United States District Court, Western District of Pennsylvania
December 29, 2014
VIVECA R. JONES, for Cameron X. Taylor, Plaintiff,
CAROLYN W. COLVIN, ACTING COMMISSIONER OF SOCIAL SECURITY, Defendant.
Alan N. Bloch United States District Judge
AND NOW, , upon consideration of Defendant’s Motion to Dismiss Plaintiffs Complaint (Doc. No. 7) and brief in support thereof (Doc. No. 8), filed in the above captioned matter on November 6, 2013, and in further consideration of Plaintiffs failure to respond to this motion as ordered by the Court, IT IS HEREBY ORDERED that said motion is GRANTED, and this case is DISMISSED WITH PREJUDICE.
Plaintiff applied for supplemental security income benefits under Subchapter XVI of the Social Security Act, 42 U.S.C. '1381, et seq., on or about March 15, 2010 on behalf of her minor child. After the claim was initially denied by the Commissioner of Social Security, Plaintiff sought, and received, a hearing before an administrative law judge (“ALJ”). On December 13, 2011, the ALJ issued a decision denying Plaintiffs claim for benefits, and Plaintiff requested review of the ALJ’s unfavorable decision by the Appeals Council. Defendant presented credible evidence that the Appeals Council mailed notice that it was denying Plaintiffs request for review on February 27, 2013, and that the notice informed Plaintiff of her right to commence a civil action within 60 days from receipt of the notice. (Declaration of Robert Weigel (Doc. No. 8-1) (“Weigel Decl.”)). The record shows that Plaintiff did not bring the present civil action until August 15, 2013, approximately 169 days after the mailing of the Appeals Council notice. Defendant presented credible evidence that Plaintiff did not request any extension of time to commence an action. (Weigel Decl. at ¶3).
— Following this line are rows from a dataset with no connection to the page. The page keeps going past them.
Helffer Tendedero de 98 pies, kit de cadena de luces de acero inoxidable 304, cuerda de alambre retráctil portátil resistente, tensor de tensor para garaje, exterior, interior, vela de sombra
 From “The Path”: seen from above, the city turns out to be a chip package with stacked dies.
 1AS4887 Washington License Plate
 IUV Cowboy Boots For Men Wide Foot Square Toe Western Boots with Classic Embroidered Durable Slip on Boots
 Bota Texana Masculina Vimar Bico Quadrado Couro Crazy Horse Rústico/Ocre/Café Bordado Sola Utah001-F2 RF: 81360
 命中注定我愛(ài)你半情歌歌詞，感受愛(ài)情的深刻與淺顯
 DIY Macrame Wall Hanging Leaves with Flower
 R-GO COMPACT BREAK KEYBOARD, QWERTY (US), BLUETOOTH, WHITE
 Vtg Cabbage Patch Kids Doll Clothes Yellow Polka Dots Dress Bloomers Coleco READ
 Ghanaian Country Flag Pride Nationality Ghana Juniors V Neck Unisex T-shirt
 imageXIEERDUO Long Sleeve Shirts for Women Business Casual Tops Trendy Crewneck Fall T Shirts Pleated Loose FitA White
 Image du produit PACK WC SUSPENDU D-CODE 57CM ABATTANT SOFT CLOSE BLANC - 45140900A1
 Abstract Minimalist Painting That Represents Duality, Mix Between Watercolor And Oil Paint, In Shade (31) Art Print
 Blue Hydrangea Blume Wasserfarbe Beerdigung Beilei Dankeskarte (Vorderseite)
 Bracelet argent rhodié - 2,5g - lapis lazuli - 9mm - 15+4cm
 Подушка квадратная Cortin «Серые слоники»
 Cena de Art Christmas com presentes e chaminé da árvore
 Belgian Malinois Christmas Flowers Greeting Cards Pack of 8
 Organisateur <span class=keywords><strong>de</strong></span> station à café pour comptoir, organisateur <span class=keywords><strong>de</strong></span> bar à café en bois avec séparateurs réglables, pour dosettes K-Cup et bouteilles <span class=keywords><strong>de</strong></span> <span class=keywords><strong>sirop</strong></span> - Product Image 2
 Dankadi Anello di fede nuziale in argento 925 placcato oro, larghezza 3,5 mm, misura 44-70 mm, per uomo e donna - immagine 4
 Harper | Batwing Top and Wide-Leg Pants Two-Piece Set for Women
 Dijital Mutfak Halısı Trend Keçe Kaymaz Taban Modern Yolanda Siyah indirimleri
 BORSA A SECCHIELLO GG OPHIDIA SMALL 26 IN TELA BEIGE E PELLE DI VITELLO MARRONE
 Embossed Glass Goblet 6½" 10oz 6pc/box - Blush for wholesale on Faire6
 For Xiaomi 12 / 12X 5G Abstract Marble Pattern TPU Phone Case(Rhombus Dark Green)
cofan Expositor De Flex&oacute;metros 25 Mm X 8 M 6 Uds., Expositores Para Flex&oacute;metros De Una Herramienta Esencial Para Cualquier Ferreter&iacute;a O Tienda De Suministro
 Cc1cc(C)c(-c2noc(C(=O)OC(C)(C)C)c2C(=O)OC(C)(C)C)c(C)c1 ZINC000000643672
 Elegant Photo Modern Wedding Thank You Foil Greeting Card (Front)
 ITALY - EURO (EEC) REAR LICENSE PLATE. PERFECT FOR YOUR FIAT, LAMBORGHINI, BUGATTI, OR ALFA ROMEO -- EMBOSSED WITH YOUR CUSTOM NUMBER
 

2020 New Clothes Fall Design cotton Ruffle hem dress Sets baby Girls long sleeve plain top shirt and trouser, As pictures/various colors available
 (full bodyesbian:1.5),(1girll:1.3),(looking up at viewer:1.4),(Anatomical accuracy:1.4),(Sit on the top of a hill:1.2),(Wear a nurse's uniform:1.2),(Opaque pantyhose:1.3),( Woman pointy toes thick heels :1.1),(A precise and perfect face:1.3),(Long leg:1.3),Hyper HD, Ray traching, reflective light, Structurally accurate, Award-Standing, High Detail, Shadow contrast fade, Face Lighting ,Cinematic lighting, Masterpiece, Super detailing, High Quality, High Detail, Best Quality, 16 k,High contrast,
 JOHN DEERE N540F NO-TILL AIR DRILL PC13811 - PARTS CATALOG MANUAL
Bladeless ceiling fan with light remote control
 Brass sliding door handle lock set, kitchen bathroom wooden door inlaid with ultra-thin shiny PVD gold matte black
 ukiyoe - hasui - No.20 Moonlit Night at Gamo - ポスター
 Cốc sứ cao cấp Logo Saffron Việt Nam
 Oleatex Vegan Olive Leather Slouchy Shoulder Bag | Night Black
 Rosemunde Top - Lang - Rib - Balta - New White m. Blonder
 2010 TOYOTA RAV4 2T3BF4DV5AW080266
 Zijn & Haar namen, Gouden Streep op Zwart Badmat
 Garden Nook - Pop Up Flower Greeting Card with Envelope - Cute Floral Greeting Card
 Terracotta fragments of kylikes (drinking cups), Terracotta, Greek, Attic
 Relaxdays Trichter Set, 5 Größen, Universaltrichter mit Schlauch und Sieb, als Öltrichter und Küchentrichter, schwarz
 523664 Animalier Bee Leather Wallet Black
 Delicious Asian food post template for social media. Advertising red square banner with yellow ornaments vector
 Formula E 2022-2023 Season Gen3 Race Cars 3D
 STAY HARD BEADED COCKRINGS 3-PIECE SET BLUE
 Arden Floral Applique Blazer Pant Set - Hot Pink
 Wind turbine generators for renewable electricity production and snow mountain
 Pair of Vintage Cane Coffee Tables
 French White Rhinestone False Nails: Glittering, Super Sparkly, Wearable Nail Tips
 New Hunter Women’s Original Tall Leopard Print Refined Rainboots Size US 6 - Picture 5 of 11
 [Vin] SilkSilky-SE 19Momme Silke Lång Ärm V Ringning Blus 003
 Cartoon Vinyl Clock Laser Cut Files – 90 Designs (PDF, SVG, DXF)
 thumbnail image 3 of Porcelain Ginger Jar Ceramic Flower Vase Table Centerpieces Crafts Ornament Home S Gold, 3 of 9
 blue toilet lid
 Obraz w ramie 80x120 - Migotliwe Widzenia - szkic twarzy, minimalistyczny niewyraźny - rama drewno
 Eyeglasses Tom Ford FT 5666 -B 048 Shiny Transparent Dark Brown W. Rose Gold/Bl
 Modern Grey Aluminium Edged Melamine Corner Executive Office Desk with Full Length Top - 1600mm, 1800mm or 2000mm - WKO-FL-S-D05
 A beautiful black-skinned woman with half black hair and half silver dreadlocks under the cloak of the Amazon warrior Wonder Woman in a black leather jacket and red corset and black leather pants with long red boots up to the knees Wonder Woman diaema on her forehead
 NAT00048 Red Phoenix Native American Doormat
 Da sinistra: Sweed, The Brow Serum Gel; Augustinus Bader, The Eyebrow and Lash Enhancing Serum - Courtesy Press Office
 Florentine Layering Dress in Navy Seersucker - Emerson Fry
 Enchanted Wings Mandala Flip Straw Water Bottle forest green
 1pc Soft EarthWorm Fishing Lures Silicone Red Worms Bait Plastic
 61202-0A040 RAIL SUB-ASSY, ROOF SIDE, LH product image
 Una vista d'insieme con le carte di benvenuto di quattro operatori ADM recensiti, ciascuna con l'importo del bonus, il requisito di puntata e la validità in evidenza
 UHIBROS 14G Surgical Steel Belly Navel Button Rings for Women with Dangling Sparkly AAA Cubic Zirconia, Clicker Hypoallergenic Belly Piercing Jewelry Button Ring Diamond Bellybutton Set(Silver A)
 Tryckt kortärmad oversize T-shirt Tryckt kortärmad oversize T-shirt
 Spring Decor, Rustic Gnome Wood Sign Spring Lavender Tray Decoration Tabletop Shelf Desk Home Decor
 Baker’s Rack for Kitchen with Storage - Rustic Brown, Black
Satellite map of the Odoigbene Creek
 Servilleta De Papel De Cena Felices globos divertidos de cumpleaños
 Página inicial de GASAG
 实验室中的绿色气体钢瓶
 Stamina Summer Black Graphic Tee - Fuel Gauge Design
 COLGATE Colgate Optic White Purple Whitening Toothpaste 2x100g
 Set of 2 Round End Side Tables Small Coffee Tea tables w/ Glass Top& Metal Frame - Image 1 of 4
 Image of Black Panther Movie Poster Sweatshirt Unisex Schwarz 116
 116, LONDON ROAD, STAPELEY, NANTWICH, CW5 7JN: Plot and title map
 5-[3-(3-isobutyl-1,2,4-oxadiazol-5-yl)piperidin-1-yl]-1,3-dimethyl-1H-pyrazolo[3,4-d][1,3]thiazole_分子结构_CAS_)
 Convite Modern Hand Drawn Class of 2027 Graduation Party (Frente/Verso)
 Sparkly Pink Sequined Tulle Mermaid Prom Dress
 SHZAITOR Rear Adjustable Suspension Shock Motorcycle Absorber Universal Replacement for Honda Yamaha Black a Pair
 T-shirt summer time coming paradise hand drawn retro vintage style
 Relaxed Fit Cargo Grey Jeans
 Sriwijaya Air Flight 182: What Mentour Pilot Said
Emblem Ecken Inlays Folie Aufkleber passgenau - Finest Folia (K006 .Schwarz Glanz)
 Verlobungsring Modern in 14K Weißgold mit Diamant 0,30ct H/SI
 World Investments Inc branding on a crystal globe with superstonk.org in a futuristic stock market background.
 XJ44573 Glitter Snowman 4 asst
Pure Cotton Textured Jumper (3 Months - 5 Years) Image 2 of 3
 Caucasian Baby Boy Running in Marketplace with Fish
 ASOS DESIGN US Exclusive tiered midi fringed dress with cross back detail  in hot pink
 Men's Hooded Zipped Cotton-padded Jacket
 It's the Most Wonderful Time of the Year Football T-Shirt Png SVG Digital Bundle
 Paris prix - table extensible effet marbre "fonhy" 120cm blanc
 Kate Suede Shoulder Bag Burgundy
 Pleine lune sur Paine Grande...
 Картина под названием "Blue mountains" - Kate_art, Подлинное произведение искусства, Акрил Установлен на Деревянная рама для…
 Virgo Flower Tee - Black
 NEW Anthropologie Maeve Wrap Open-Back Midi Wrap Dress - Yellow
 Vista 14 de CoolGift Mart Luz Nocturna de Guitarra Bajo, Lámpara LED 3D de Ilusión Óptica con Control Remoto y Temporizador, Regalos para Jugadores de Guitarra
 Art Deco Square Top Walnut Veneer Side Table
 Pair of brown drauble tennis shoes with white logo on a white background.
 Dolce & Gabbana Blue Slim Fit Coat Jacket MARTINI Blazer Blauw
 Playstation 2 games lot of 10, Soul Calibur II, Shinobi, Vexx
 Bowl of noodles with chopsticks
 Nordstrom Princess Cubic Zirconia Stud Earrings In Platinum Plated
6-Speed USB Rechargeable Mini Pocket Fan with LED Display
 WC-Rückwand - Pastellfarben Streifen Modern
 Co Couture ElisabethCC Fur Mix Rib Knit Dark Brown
42 U.S.C. § 405(g) provides, in relevant part:
Any individual, after any final decision of the Commissioner of Social Security made after a hearing to which he was a party, irrespective of the amount in controversy, may obtain a review of such decision by a civil action commenced within sixty days after the mailing to him of notice of such decision or within such further time as the Commissioner of Social Security may allow.
Even allowing for the five additional days for mailing presumed under 20 C.F.R. § 422.210(c), 
Plaintiffs action was filed well outside of the period permitted under Section 405(g). As noted, Defendant has provided credible evidence that no extension of time was ever sought or granted.
The 60-day limitation period prescribed by Section 405(g) is not jurisdictional, and the Court can toll the limitation period under certain circumstances where the equities of the case so dictate. See Bowen v. City of New York, 476 U.S. 467, 478, 480 (1986). However, as noted above, Plaintiff has offered no response to Defendant’s motion, despite having been ordered by this Court to do so and having been advised that failing to respond may result in the Court granting Defendant’s motion for lack of opposition. Accordingly, Plaintiff does not refute any of Defendant’s facts, nor does she provide any argument or evidence regarding any equitable circumstances that would justify the tolling of the limitation period under Section 405(g). As such, the Court accepts Defendant’s well-supported and uncontested allegations as true and finds that Plaintiff’s action was not filed within the permitted time period. The Court further finds that no circumstances have been presented that would warrant the tolling of that period.
Therefore, under all of the circumstances, the Court grants Defendant’s motion and dismisses Plaintiff’s case in its entirety with prejudice.